The finite element (FE) theory-based numerical approach exhibits the most diversity and usefulness in modeling physical structures among the various numerical approaches. The theory of wave propagation in the periodic structure with FEM (PSFEM) is the goal of the study topic, and the numerical solution is based on the FE analysis of the unit cell of the structure. This numerical FE method enables high accuracy with very little computational effort and is a recommended option for predicting waves in one-dimensional and two-dimensional single waveguides (Orris and Petyt, 1974; Pany et al., 2002; Pany and Parthan, 2003a; Pany et al., 2003; Pany and Parthan, 2003b; Pany, 2022). The majority of published works on periodic structures used in engineering try to create theoretical and numerical techniques to understand wave propagation behavior and its attributes, even though the fact that these phenomena are widely known.

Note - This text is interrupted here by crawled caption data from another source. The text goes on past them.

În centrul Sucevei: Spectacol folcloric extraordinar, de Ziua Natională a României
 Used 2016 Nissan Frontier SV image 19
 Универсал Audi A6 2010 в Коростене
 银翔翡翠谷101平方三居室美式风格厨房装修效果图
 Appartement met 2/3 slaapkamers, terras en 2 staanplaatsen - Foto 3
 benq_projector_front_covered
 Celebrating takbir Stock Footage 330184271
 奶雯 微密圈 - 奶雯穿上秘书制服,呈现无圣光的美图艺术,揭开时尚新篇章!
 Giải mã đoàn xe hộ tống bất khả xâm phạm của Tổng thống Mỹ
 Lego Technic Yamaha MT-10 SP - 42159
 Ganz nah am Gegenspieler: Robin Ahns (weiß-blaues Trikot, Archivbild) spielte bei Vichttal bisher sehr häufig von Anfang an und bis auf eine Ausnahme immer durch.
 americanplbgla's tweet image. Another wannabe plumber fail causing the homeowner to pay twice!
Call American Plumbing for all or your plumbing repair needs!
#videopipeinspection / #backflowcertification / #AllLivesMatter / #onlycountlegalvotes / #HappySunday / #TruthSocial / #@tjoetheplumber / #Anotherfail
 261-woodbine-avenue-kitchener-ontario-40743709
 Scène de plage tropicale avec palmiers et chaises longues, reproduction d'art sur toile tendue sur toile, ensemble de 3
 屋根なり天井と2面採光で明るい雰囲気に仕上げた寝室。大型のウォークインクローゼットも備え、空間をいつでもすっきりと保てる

This Research Topic presents the recent novel trends to study wave propagation in different forms of periodic structures and materials using numerical techniques and the three research articles published were contributed by eight authors. The three original articles can be broadly attributed to three subtopic areas.
Sound transmission through baffled multilayered curved shells
One article (Parrinello et al.) focused on sound transmission and studied the acoustic behavior of multilayered and periodic baffled curved shells with a general configuration of homogeneous and heterogeneous periodic layers of diverse types (fluid, solid, and poroelastic). This article presents an improvement in the latter technique for finite long and baffled heterogeneous curved shells. A generalized TMM that allows for the modeling of heterogeneous periodic layers is used to represent the responses of the multilayered shell to the blocked pressure (excitation) while a two-dimensional BE (boundary element) model is used to evaluate the blocked pressure on the outer surface of the baffled shell. The presented work differs from their prior work in the calculation of the blocked pressure. The difference resulted from a plane wave excitation impinging on the cylindrical shell embedded in an infinite planar rigid baffle and in the use of a one-dimensional windowing technique to account for the impact of the finite length of the shell on the transmitted power.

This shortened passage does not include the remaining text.